The Planet of the Apes reboot has been a massive success, and its impact on the film industry is hard to overstate. It began with Rupert Wyatt’s 2011’s Rise of the Planet of the Apes and carried on with Matt Reeves Dawn of the Planet of the Apes in 2014 and his riveting coda, War for the Planet of the Apes, in 2017. The central character, Andy Serkis’s chimpanzee Caesar, embodies the trilogy’s wondrous achievement, an evolution in technical wizardry realized by reversing human evolution; man becomes ape.
War for the Planet of the Apes is nominated for an Oscar for visual effects (as were the previous two installments—none have won), and will compete against aliens (The Last Jedi, Guardians of the Galaxy), replicants (Blade Runner 2049), and an intra-species duel against a much larger ape (Kong: Skull Island). All of these films are worthy of their nominations, but one gets the feeling that having revolutionized the motion capture technology that allowed Serkis (and his fellow actors like Steve Zahn, Terry Notary and Karin Konoval) become apes, and is now used widely throughout the industry, it’s War for the Planet of the Apes’ time to bring home the Oscar.
We spoke with VFX supervisor and four-time Oscar winner Joe Letteri (his previous wins were for Avatar, the final two The Lord of the Rings films and King Kong), who is nominated alongside his peers Daniel Barrett, Dan Lemmon and Joel Whist. Our conversation has been edited for length and clarity.
Take us through the evolution of your technique, from Rise to War.

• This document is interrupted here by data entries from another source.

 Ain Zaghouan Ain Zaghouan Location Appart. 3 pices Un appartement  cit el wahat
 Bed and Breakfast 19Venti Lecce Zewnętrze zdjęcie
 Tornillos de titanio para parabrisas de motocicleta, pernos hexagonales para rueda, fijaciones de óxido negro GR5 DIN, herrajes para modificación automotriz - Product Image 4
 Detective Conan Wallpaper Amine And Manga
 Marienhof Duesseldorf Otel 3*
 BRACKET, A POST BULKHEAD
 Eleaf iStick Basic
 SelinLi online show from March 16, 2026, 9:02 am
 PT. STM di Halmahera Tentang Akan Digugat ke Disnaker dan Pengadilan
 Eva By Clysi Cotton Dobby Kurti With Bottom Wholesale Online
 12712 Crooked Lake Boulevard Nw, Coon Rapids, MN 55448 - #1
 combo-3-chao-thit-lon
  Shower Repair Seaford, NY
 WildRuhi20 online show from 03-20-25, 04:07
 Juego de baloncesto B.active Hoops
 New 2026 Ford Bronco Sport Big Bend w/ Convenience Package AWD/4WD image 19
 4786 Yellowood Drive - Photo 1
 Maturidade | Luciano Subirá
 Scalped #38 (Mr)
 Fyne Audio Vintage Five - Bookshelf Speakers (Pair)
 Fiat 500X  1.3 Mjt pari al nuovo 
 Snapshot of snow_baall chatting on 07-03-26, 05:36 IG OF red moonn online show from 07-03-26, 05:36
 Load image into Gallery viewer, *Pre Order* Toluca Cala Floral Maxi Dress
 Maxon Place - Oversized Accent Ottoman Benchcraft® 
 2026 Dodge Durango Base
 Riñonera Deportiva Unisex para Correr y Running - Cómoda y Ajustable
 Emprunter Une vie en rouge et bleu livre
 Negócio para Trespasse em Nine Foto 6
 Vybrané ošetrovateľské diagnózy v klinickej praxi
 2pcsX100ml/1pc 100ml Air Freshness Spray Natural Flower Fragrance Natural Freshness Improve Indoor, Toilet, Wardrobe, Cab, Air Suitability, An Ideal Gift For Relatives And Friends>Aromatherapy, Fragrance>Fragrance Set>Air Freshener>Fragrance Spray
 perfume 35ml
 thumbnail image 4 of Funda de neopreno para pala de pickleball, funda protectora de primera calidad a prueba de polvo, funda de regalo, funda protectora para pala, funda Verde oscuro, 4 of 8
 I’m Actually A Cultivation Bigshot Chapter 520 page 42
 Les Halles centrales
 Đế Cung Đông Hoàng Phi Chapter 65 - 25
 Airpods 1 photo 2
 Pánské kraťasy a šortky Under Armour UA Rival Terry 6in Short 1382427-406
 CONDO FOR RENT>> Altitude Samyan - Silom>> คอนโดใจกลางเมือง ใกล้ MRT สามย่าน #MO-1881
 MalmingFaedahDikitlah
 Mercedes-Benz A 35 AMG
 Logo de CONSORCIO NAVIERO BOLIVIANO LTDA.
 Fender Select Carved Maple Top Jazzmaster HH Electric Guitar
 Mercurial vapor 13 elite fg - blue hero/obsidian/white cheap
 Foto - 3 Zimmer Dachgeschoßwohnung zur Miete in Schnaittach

We had a significant change right at the beginning with Rise, because we decided we needed to create these apes as totally realistic chimps, which meant no prosthetics or makeup. Every ape would be digital. Once we made that choice, we knew we had to have a key performance with Caesar. Fox was on board with Andy Serkis, and what I wanted to do was take this idea we’d already been doing with Andy [in King Kong and The Lord of the Rings]—performance capture—only this time we wouldn’t to ask him to go back and redo everything he did. I wanted to find a way to capture his performance live, as he was performing. We did that for Rise, and for the next two films we just pushed it further and further.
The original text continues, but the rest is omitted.